Work instruction -
Take the line with "2015款宝骏560 1.8L手动精英型" and every line after it in the entries below, and set them down exactly, without any pictures.

Material for this task -
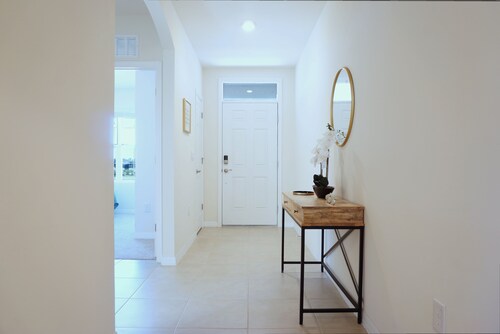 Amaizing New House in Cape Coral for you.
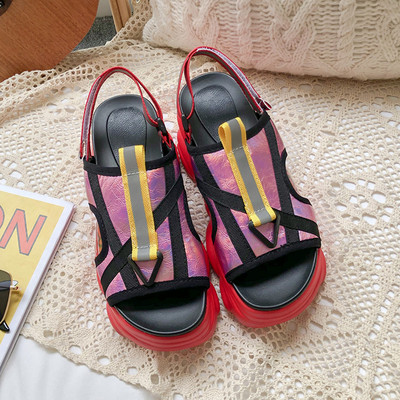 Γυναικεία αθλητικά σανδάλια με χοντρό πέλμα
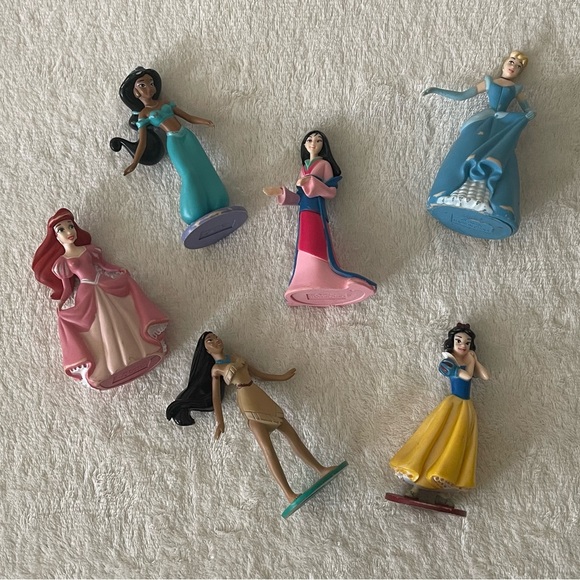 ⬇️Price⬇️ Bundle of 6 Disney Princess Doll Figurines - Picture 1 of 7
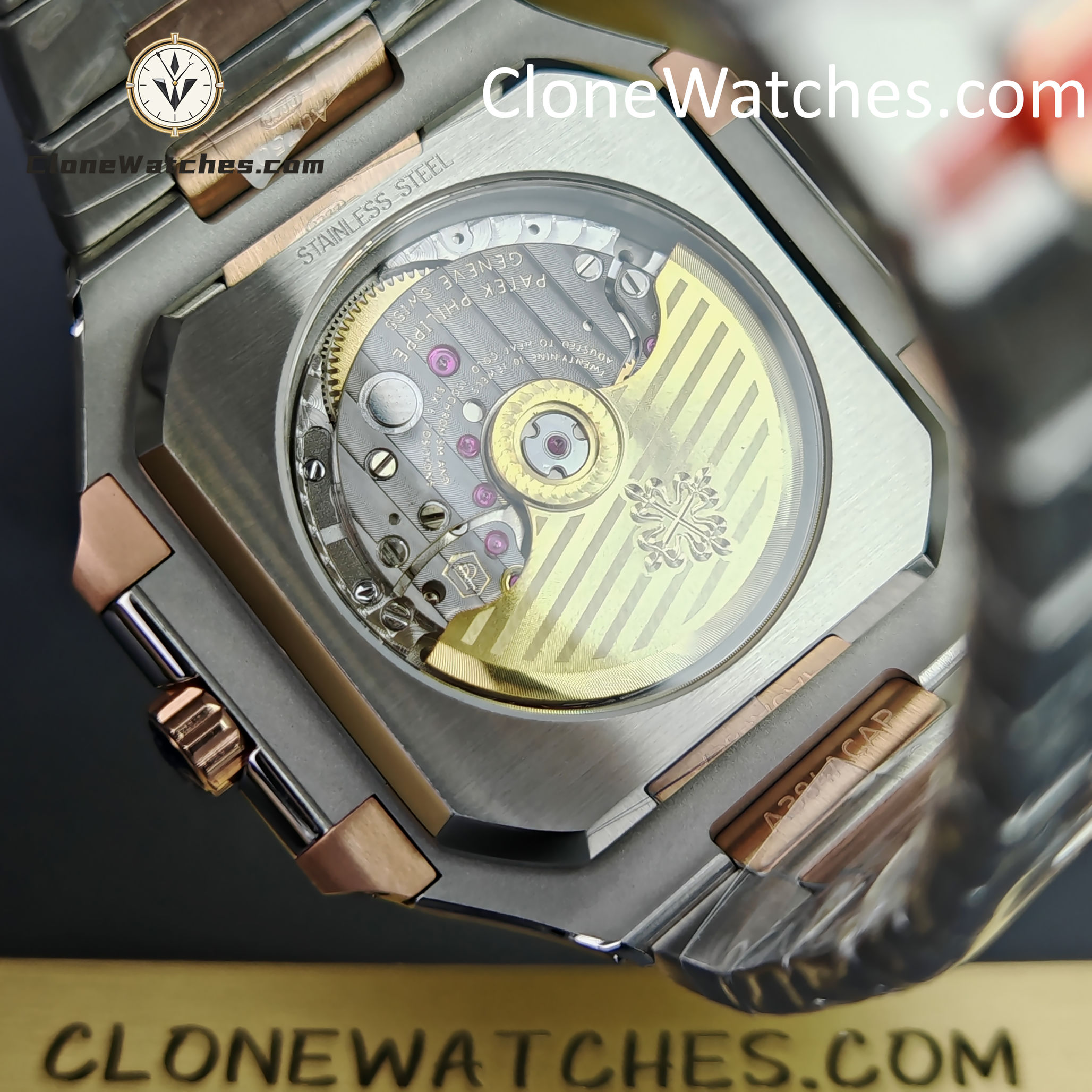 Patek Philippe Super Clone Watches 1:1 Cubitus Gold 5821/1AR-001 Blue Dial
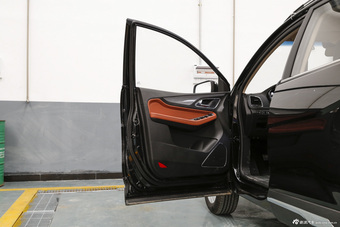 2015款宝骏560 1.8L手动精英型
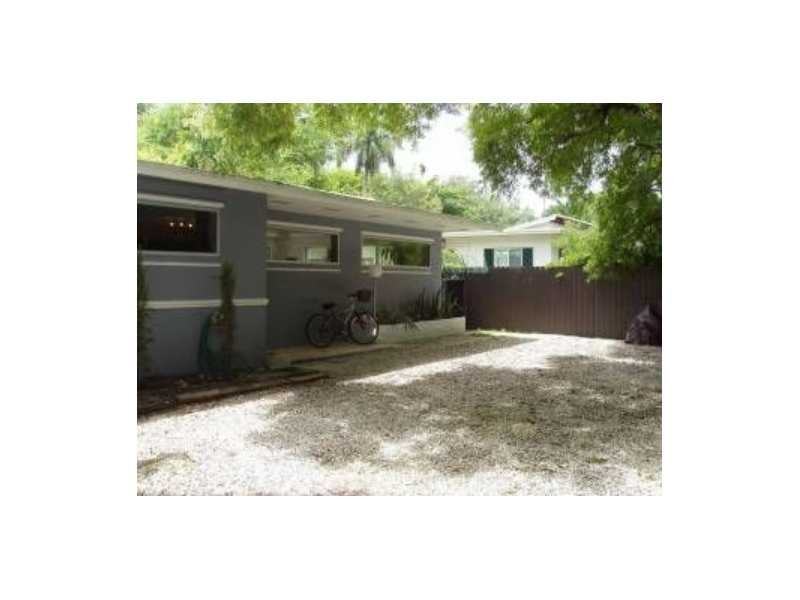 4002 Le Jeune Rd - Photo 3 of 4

Answer to the exercise -
 2015款宝骏560 1.8L手动精英型
 4002 Le Jeune Rd - Photo 3 of 4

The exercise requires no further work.